Problem statement: Leave out the images; return the rest of the data exactly.

Short descriptive text snippets:
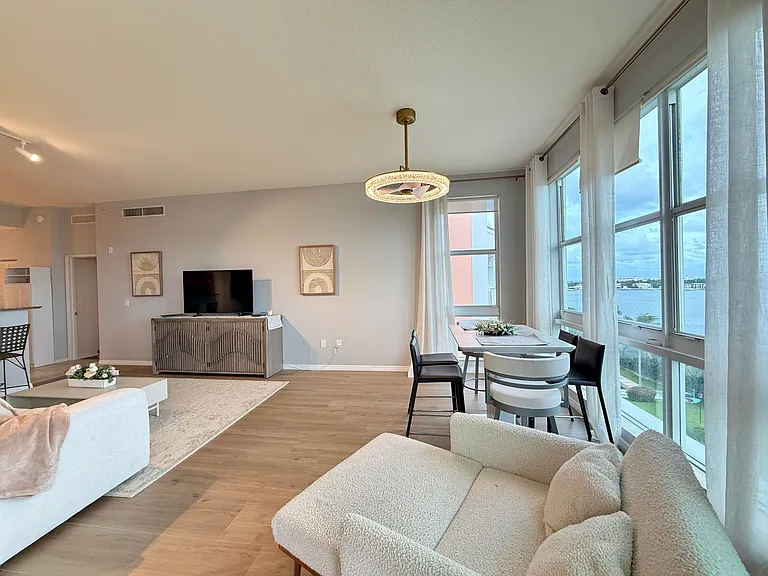 804 E Windward Way #Penthouse 15 — Photo 18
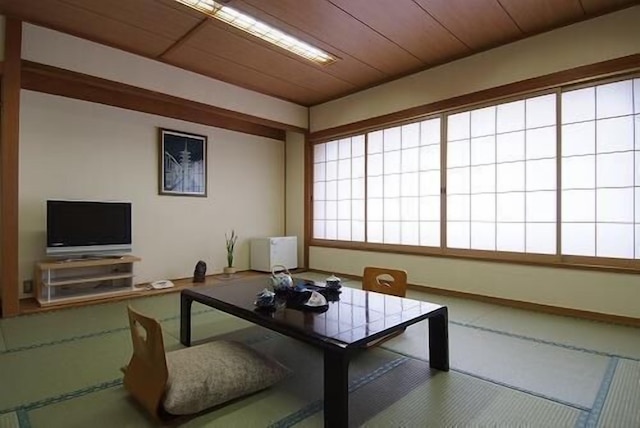 嵯峨グレースホテル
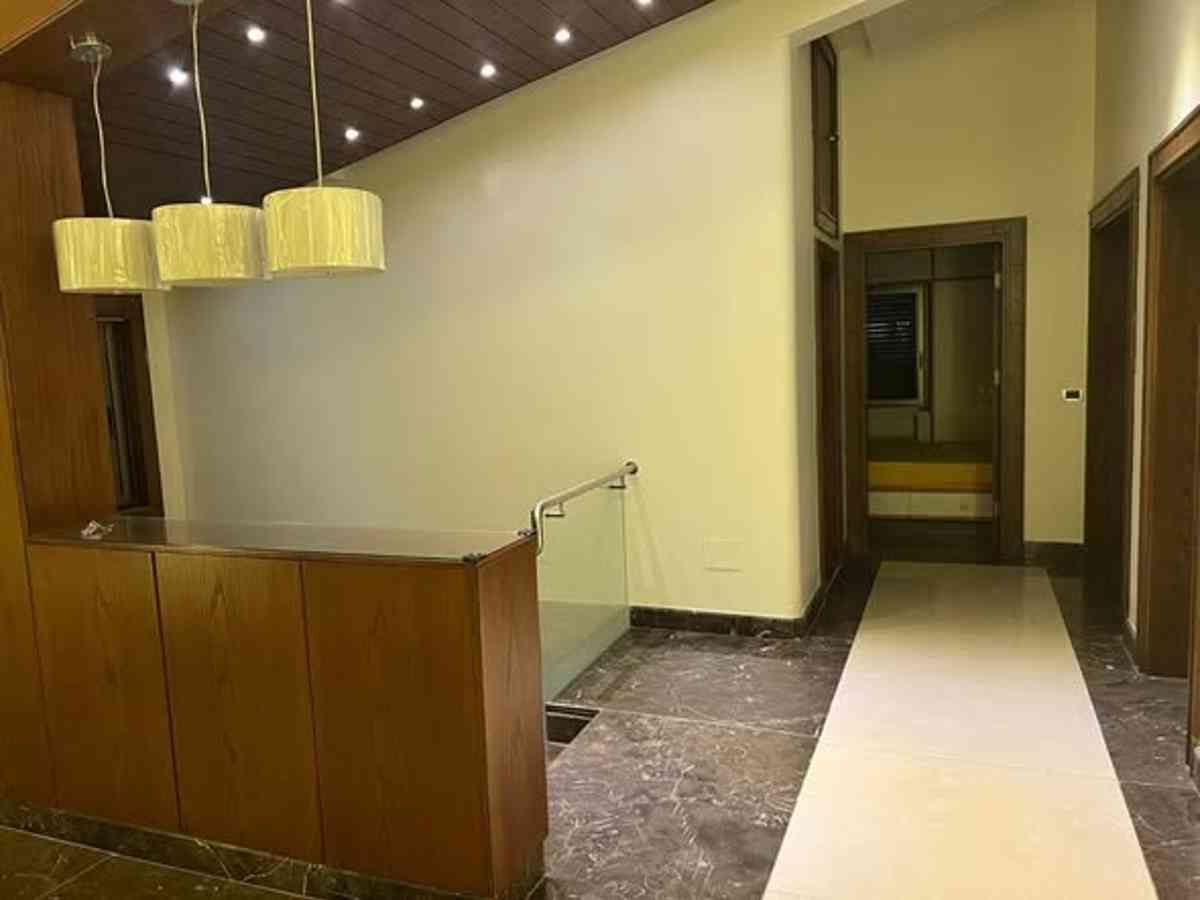 فيلا 8 غرف 2 صالات 350م² مع فرش للبيع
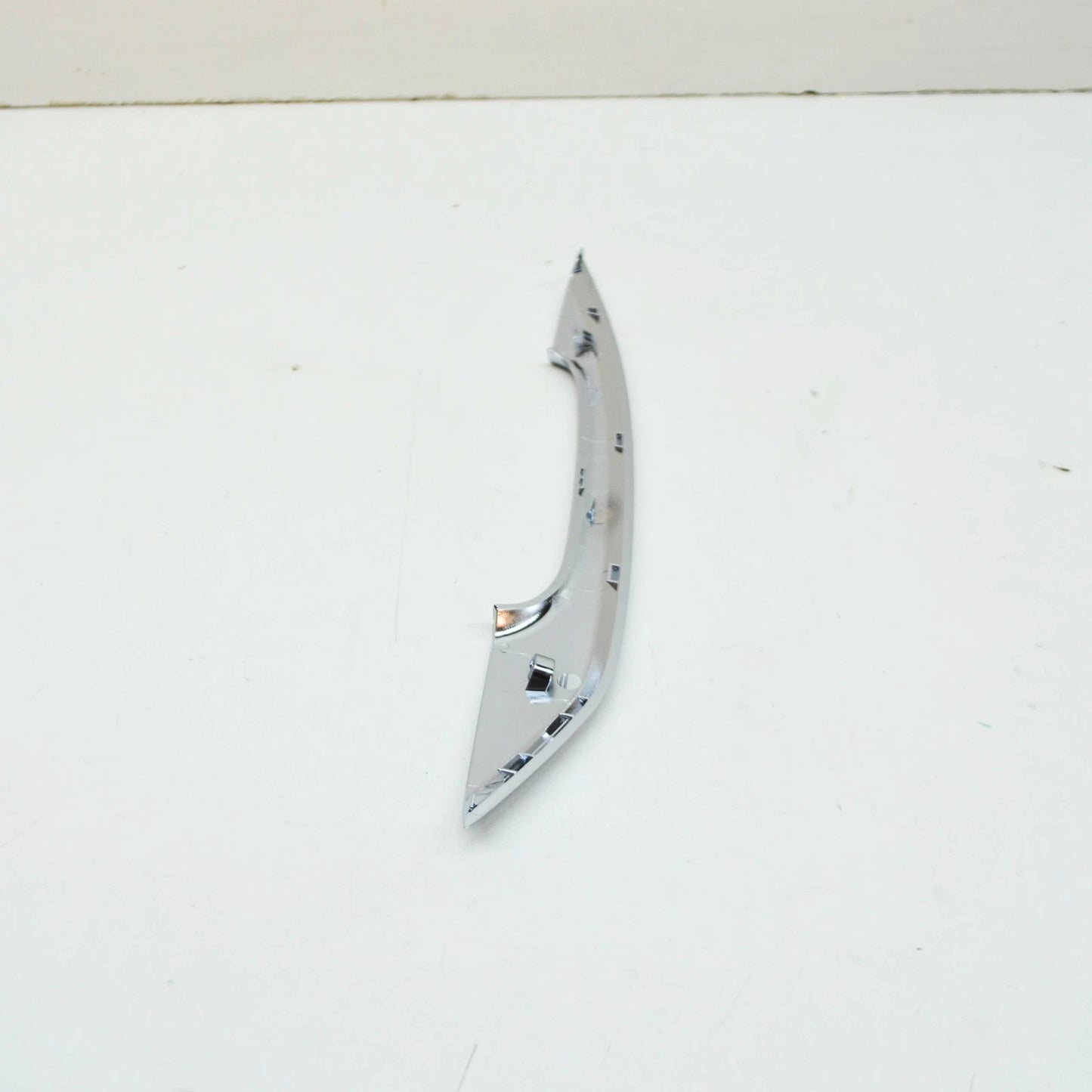 NEW AUDI A5 8W6 FRONT LEFT DOOR EXTERIOR HANDLE TRIM 8W0837899A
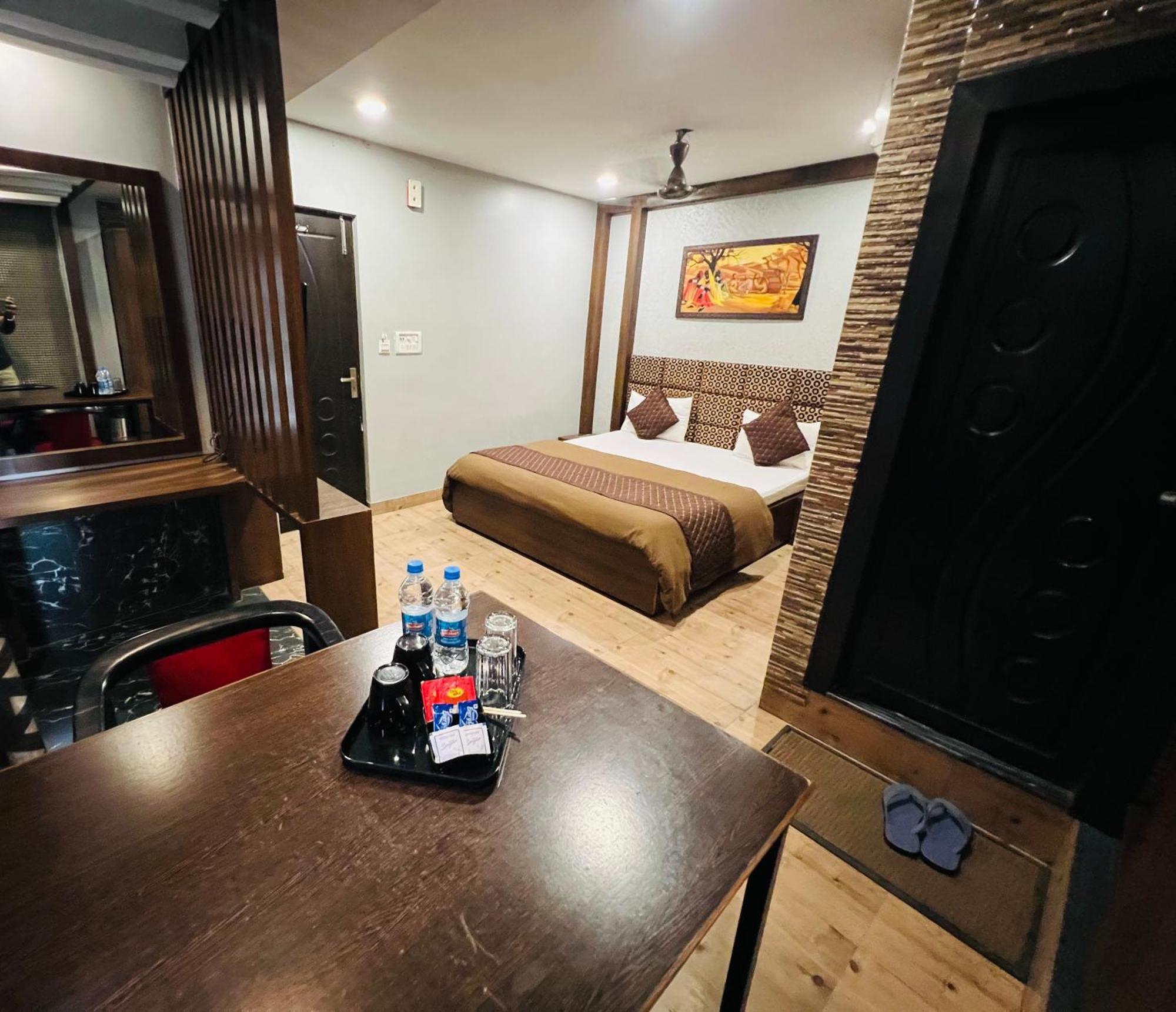 Hotel Sabera Силигури Экстерьер фото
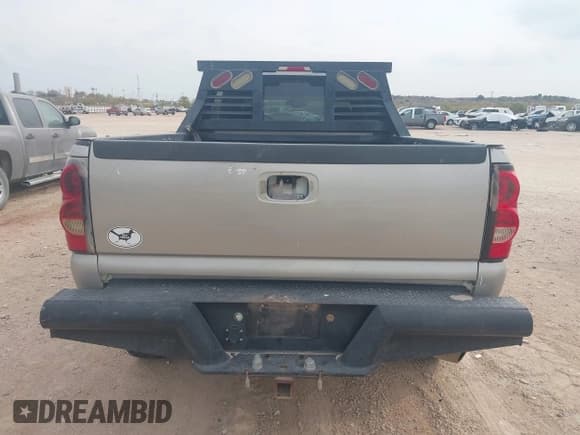 ✅ 2005 Chevrolet Silverado 2500HD LS • VIN: 1GCHK23275F915180 • Lot: 43714299. Wystawiony na IAAI z przebiegiem 135 346 mil. Bezpłatny archiwum sprzedaży aukcyjnych z USA i szczegółowy raport historii pojazdu na DreamBid. Zdjęcie 16.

Solution below:
 804 E Windward Way #Penthouse 15 — Photo 18
 嵯峨グレースホテル
 فيلا 8 غرف 2 صالات 350م² مع فرش للبيع
 NEW AUDI A5 8W6 FRONT LEFT DOOR EXTERIOR HANDLE TRIM 8W0837899A
 Hotel Sabera Силигури Экстерьер фото
 ✅ 2005 Chevrolet Silverado 2500HD LS • VIN: 1GCHK23275F915180 • Lot: 43714299. Wystawiony na IAAI z przebiegiem 135 346 mil. Bezpłatny archiwum sprzedaży aukcyjnych z USA i szczegółowy raport historii pojazdu na DreamBid. Zdjęcie 16.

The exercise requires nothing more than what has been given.